What is expected: Report back every line in the data that includes the string "Chapter".

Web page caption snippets

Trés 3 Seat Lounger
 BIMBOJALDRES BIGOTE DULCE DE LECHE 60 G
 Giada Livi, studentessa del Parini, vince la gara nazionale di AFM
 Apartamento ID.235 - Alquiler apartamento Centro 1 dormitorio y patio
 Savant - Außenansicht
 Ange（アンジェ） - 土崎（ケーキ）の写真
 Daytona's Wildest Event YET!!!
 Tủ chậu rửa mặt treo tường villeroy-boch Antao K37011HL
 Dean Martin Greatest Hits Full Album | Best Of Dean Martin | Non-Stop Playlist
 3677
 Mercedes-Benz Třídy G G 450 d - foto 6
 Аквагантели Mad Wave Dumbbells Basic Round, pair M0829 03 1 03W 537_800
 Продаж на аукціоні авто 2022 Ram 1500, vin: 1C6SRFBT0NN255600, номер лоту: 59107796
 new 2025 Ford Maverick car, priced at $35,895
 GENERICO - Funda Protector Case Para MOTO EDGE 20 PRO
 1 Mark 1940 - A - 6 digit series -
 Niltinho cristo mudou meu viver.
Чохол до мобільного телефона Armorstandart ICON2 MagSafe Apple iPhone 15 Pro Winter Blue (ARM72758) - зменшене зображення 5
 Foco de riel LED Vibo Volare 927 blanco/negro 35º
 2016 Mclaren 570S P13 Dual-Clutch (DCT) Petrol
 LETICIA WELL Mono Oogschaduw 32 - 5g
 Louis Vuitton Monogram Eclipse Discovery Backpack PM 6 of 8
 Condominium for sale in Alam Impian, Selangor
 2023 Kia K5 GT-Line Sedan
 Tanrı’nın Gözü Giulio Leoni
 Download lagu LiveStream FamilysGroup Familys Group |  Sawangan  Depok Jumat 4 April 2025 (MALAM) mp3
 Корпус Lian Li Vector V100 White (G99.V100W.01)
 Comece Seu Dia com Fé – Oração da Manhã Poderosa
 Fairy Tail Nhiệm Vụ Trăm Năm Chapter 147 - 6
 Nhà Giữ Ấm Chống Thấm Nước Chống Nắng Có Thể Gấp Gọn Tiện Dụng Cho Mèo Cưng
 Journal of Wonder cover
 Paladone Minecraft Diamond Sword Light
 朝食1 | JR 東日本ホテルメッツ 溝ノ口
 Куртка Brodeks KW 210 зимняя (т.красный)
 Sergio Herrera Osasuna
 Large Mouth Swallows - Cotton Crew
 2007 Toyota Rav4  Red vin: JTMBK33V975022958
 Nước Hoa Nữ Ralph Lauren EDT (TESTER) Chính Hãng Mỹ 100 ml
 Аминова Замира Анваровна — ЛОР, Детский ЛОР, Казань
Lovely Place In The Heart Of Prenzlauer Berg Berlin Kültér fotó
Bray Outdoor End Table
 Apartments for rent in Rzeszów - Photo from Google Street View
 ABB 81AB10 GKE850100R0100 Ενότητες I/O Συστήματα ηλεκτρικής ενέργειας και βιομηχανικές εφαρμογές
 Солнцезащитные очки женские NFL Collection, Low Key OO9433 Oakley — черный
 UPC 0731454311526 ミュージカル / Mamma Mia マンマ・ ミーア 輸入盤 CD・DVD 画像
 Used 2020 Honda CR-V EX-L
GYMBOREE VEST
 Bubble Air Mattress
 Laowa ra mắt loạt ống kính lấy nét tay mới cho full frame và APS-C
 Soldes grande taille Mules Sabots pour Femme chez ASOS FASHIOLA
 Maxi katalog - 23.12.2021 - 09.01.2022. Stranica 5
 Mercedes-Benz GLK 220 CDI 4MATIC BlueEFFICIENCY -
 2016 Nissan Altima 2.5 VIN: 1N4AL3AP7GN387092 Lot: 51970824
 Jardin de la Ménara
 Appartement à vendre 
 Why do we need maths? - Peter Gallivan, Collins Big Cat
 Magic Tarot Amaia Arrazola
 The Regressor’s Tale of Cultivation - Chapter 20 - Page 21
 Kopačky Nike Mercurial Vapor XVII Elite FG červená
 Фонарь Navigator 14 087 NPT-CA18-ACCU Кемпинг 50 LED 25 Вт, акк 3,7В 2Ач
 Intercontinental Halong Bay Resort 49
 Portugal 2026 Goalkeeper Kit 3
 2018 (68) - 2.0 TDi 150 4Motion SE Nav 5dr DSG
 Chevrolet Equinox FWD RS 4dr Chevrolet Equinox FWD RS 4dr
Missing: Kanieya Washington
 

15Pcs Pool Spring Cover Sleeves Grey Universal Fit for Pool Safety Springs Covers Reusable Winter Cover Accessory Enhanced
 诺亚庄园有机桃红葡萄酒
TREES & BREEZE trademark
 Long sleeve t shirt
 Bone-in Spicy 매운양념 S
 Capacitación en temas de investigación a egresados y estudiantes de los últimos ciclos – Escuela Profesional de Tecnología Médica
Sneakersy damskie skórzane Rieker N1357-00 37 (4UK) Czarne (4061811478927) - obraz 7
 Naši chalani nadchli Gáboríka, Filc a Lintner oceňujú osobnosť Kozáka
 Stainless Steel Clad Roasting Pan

Your response:
 Fairy Tail Nhiệm Vụ Trăm Năm Chapter 147 - 6
 The Regressor’s Tale of Cultivation - Chapter 20 - Page 21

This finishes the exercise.